_TASK:_
In the records below, reproduce exactly the lines from the one containing "1x Stahlfelge Renault" through the one containing "Skylight Arch", both included, and omit the pictures.

------ LISTED RECORDS

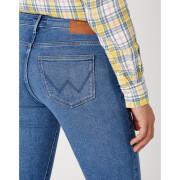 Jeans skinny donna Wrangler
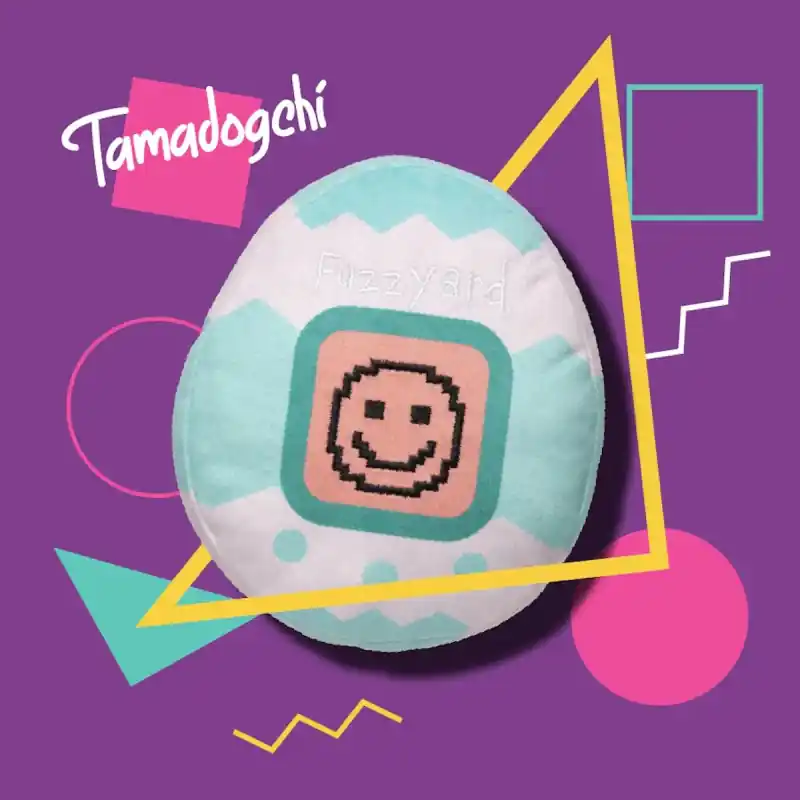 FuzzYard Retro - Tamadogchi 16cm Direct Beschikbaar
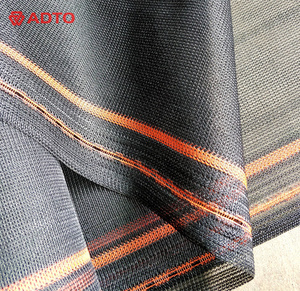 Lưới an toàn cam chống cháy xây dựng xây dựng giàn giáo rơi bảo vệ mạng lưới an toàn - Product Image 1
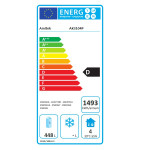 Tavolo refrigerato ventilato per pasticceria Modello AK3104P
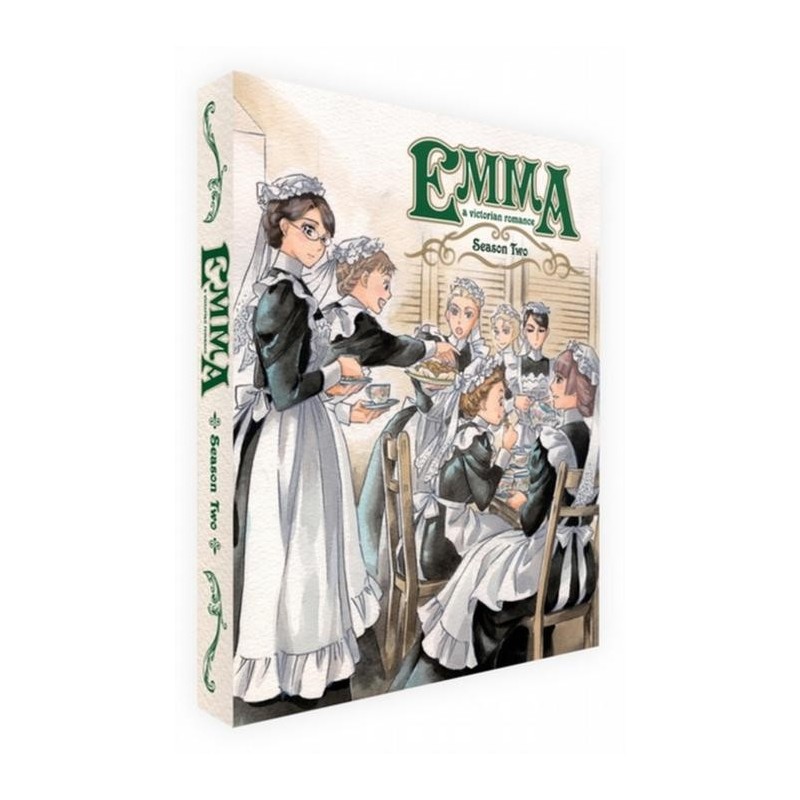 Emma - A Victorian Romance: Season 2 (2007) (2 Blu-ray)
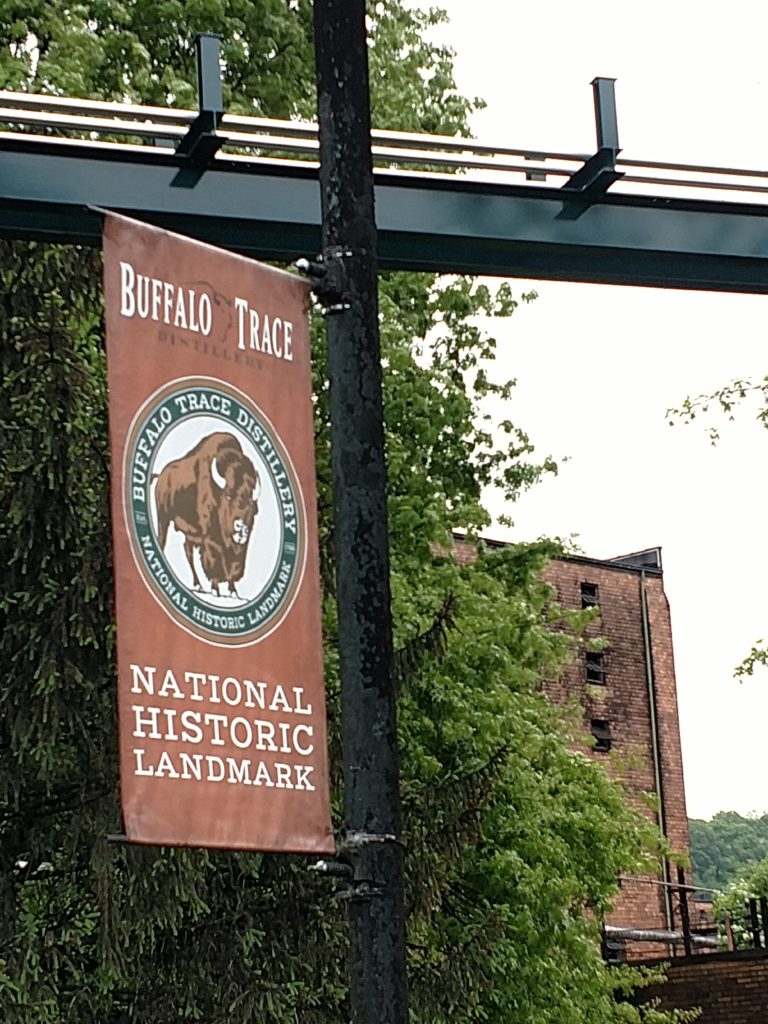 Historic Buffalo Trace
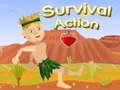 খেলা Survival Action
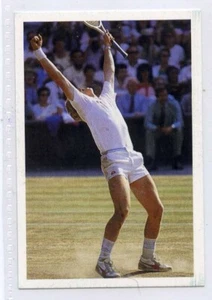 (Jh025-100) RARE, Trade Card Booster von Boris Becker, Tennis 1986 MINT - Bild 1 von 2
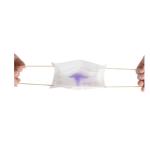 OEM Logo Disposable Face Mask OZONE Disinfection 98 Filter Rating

------------
------ LISTED RECORDS

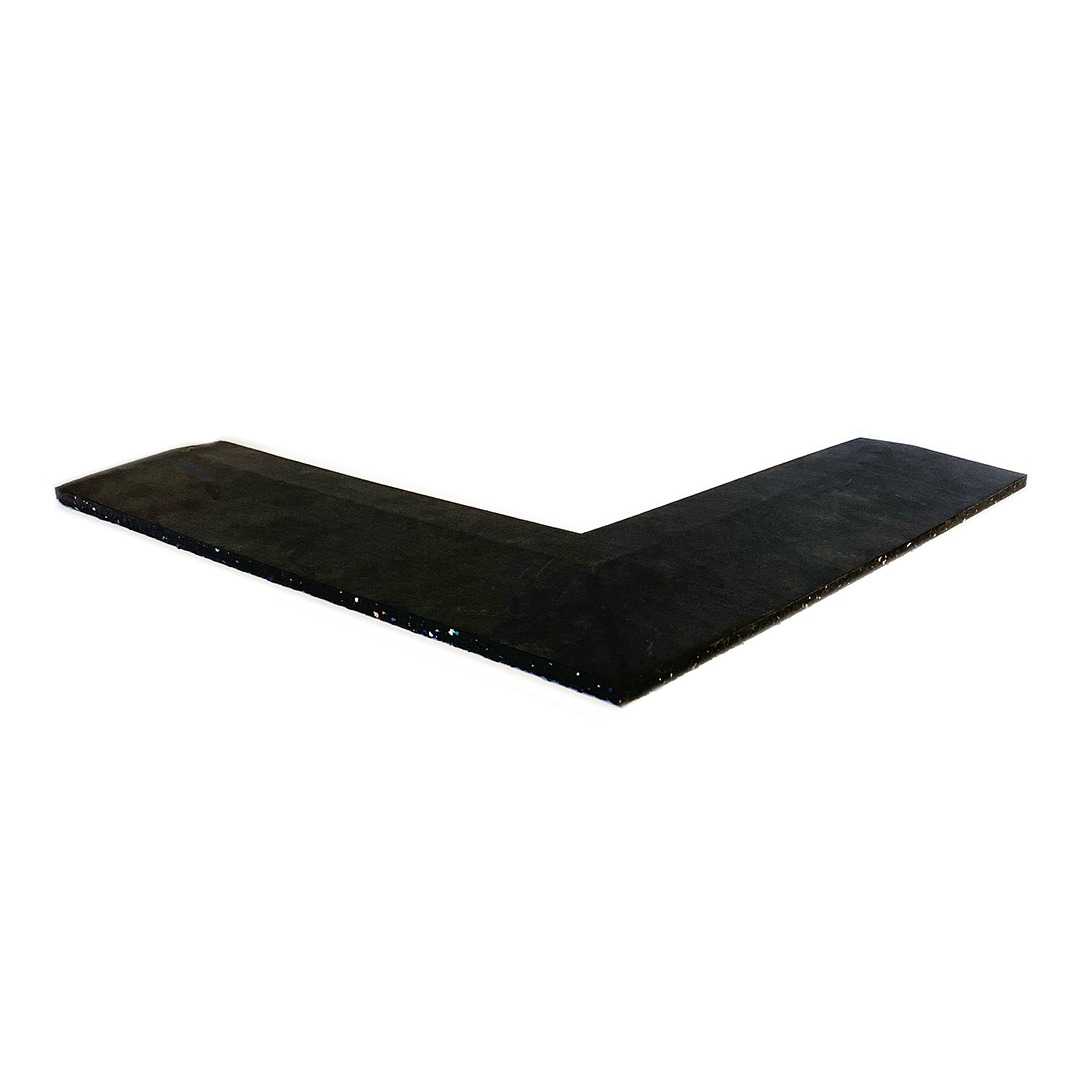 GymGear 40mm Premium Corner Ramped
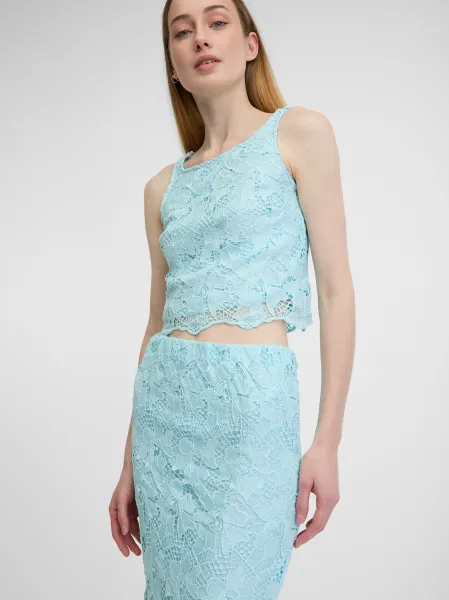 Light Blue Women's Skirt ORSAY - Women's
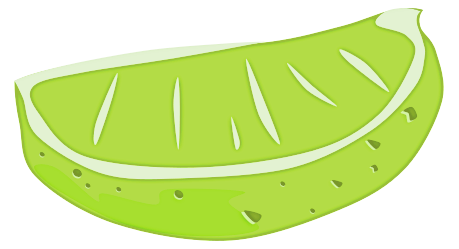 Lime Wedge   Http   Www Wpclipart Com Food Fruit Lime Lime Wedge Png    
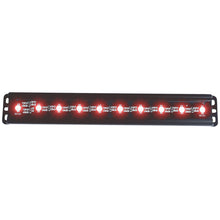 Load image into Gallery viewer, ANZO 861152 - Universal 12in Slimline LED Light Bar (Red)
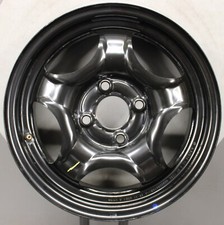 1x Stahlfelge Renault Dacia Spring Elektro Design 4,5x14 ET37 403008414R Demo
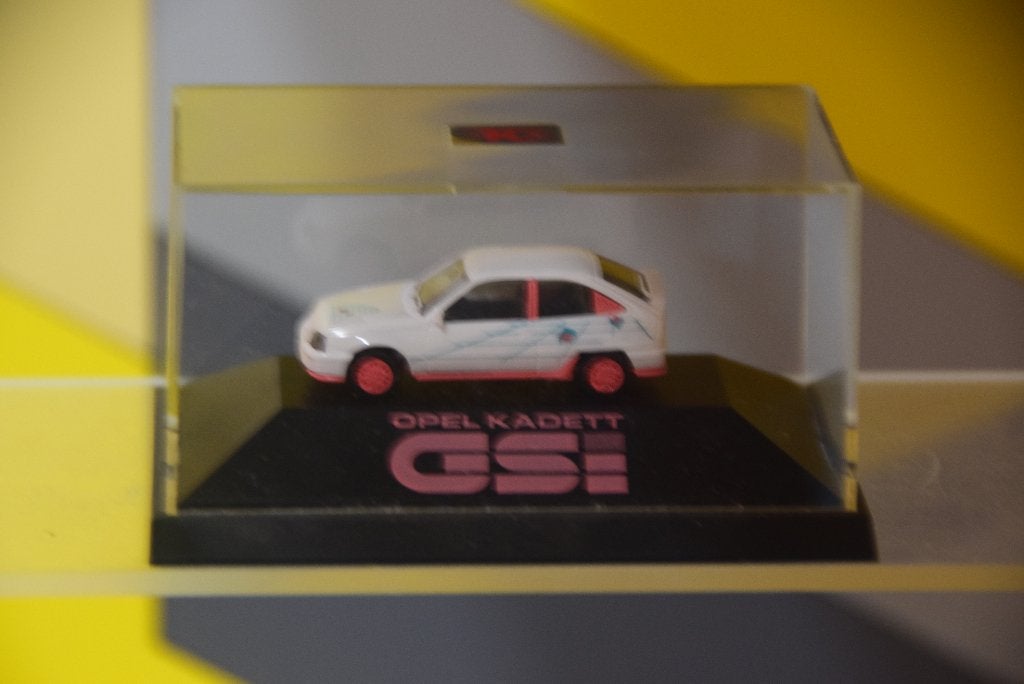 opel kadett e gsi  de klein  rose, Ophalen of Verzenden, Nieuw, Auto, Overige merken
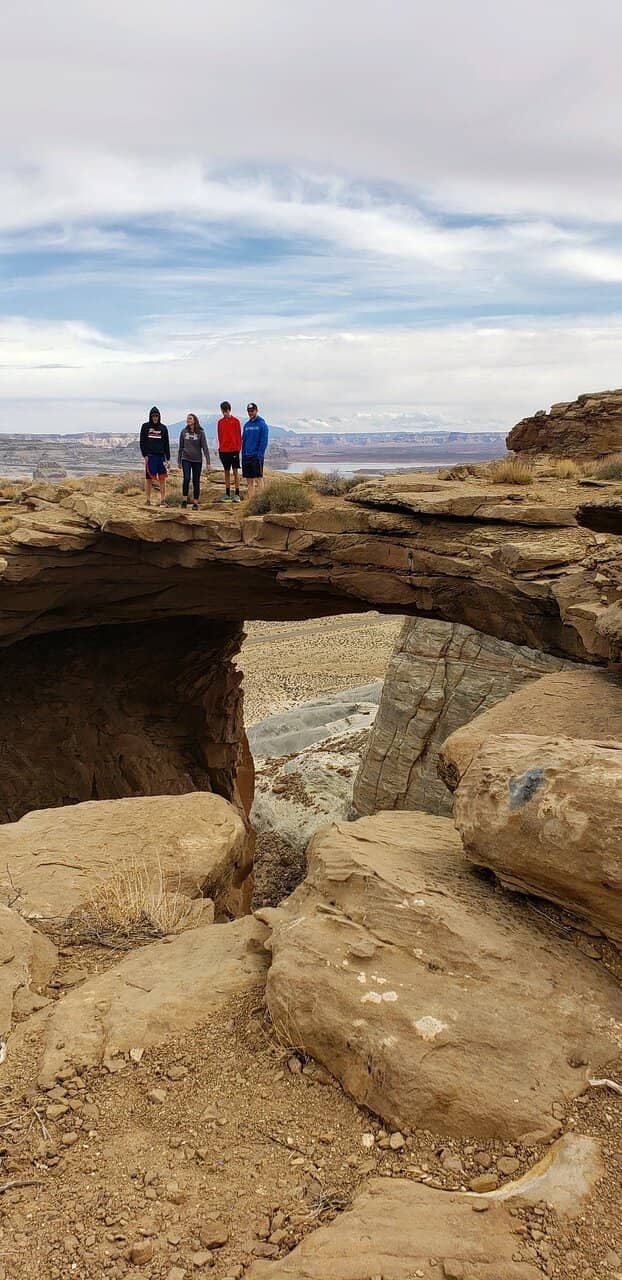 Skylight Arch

------------

_WORKED SOLUTION:_
 1x Stahlfelge Renault Dacia Spring Elektro Design 4,5x14 ET37 403008414R Demo
 opel kadett e gsi  de klein  rose, Ophalen of Verzenden, Nieuw, Auto, Overige merken
 Skylight Arch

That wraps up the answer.